MOTIVATION TO CHANGE
Milligan is eager to discuss a recent addition to the Mandel School curriculum that explores in depth the process of change and innovation. It's a new elective course on Motivational Interviewing (MI), an evidence-based practice that is one of the best available to help individuals, families, groups, and organizations identify and move beyond their own ambivalence to change. MI was introduced as an elective in the summer of 2011. Thirty-eight students completed that first course. In the spring and summer of 2012, an additional 48 students completed the class.
"It's a wildly popular elective," Milligan says. "Students obviously understand the utility of motivational interviewing across social-work practice."
FROM COMMUNITY TO CLASSROOM
Milligan credits senior faculty member Lenore A. Kola, PhD, associate professor of social work and co-director of the School's Center for Evidence-Based Practices for proposing the course. Kola saw it as an opportunity to bring the Center's work from the community into the classroom. The Center provides consultation, training, and evaluation services to health and behavioral healthcare organizations that are implementing evidence-based practices and other service innovations that improve outcomes for people with serious mental illness and co-occurring substance use disorders. The Center's consultants and trainers teach MI to organizations implementing new models of care as a way to improve clinical services and to facilitate the organizational change that is necessary to support the new practices.
Kola and two other faculty (see sidebar) have been teaching Motivational Interviewing in practice courses about alcohol and other drug addiction since the 1990s.

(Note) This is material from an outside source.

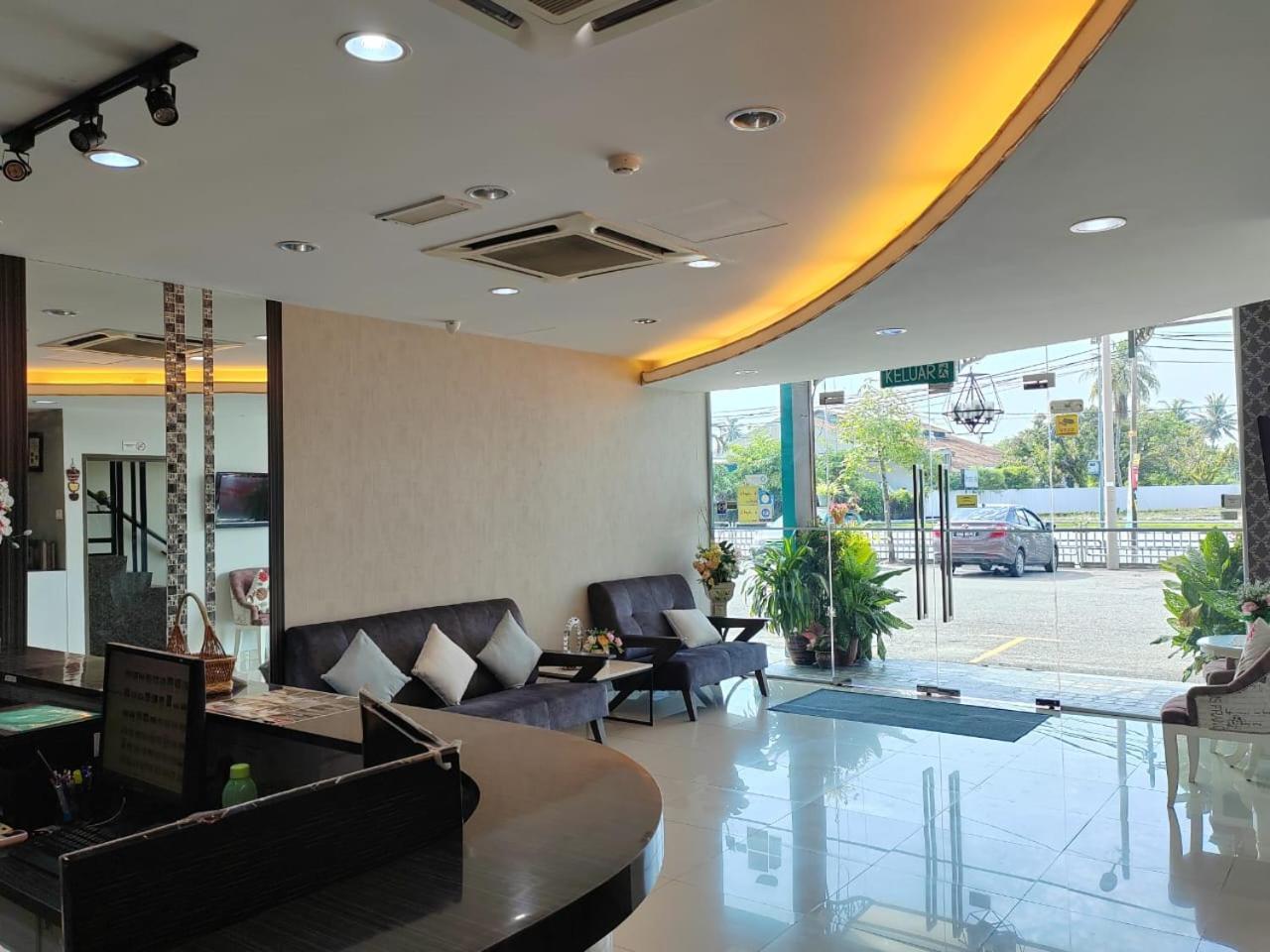 Bg Business Hotel Bukit Mertajam Eksteriør billede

Kola explains that MI is essentially a way of framing conversations to help people discover their own interests in making a positive change in their lives and to express it in their own words. Research shows that people are more likely to take action when they talk about their own desires and plans. MI helps people through personal changes, such as diet; exercise; reducing and eliminating the use of alcohol, tobacco, and other drugs; managing symptoms of mental illness and chronic physical conditions such as heart disease, diabetes, and obesity, among others. It also helps with organizational change, such as building consensus for a new vision, revising budgets to support a new mission, or redefining the skills needed from staff members.
"You cannot force people to change," Kola says. "If you tell them what you think they should do, they resist and nothing positive gets done. However, if you help them hear their own inner desire to improve some aspect of their lives or work and help them express that in their own words, they are more likely to make plans and do it."

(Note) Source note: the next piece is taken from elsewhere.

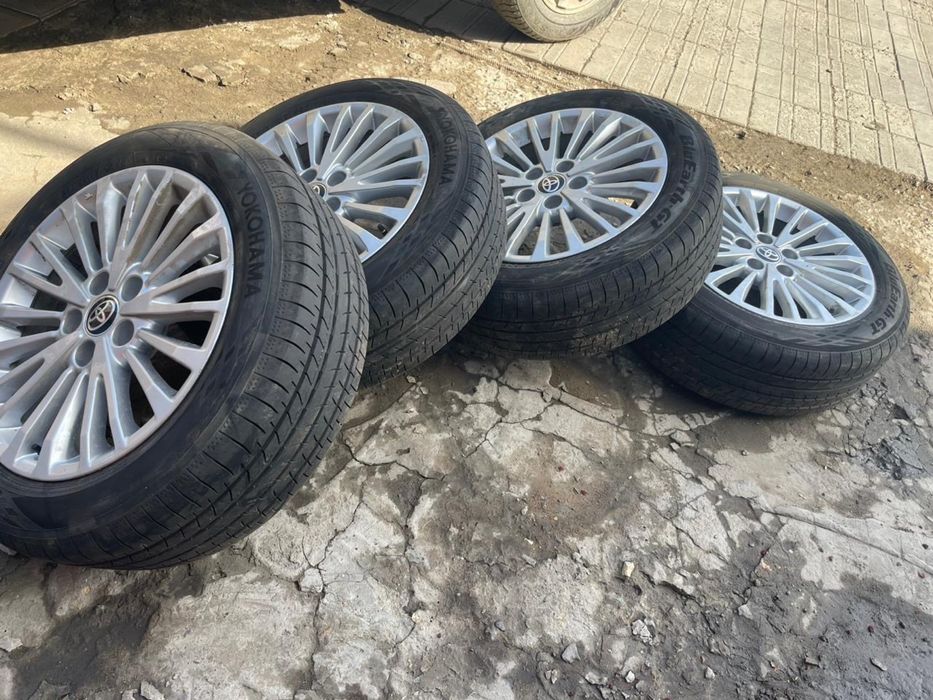 Колеса от камри 80 r17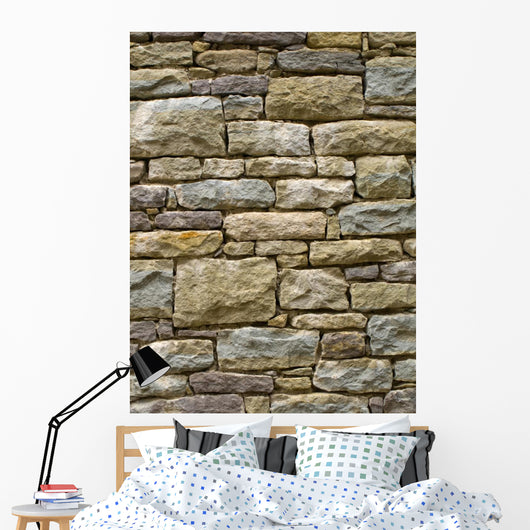 Stones Wall Wall Mural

MI was developed by Stephen Rollnick, PhD, of Cardiff University, and his colleague William R. Miller, PhD, from the University of New Mexico. Since 2009, the Center has been teaching MI to behavioral healthcare organizations that are integrating substance abuse services with mental health services. The Center works with over 60 organizations in Ohio and has been invited to consult in 24 other states and in the Netherlands. Over the past several years, requests for consulting and training about MI have come from a wide variety of organizations that provide employment services, housing, tobacco cessation, and primary healthcare, including hospitals.

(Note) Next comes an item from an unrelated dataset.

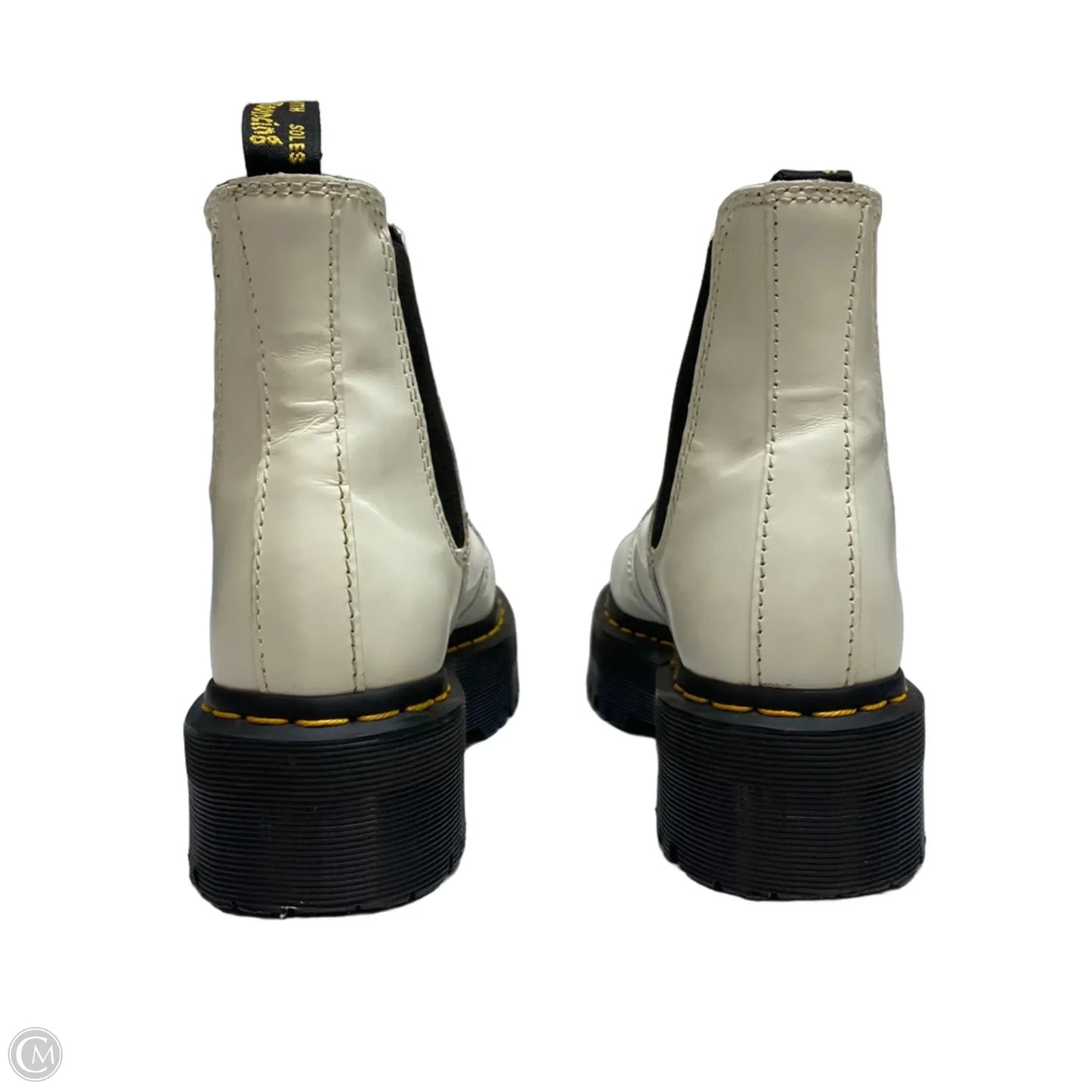 Boots Designer By Dr Martens In White, Size: 5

Milligan explains that the positive feedback about MI among social work students inspired the Mandel School to incorporate it into a required non-credit seminar being taught to first-year students at Case Western Reserve University as a multidisciplinary collaboration among four professional schools: medicine, dentistry, nursing, and social work. The seminar was created, in part, as a response to the Inter-professional Education Collaboration and the World Health Organization’s call for a collaborative practice-ready workforce.
The goal of the seminar is to examine primary health problems from the perspective of all four schools that are participating in the collaborative. In Spring 2012, the seminar explored the effects of and approaches to patient obesity. Milligan invited staff from the Center for Evidence-Based Practices to teach Motivational Interviewing to over 500 students in the seminar.
"Our contribution to this seminar has been significant," Milligan says. "We have demonstrated how communication from professionals can hinder or facilitate behavior change and influence outcomes."
FOUNDATION FOR CHANGE
Milligan sees a future for Motivational Interviewing at the Mandel School. She thinks it could become part of the foundations curriculum in which all new students are required to take the class, including those in the community development specialization.
"If students learn the strategies of motivational interviewing and its emphasis on change-talk in the context of organizational change and systems change," Milligan says, "it will be a very powerful change tool. No one changes communities by themselves without changing organizations that serve the neighborhoods."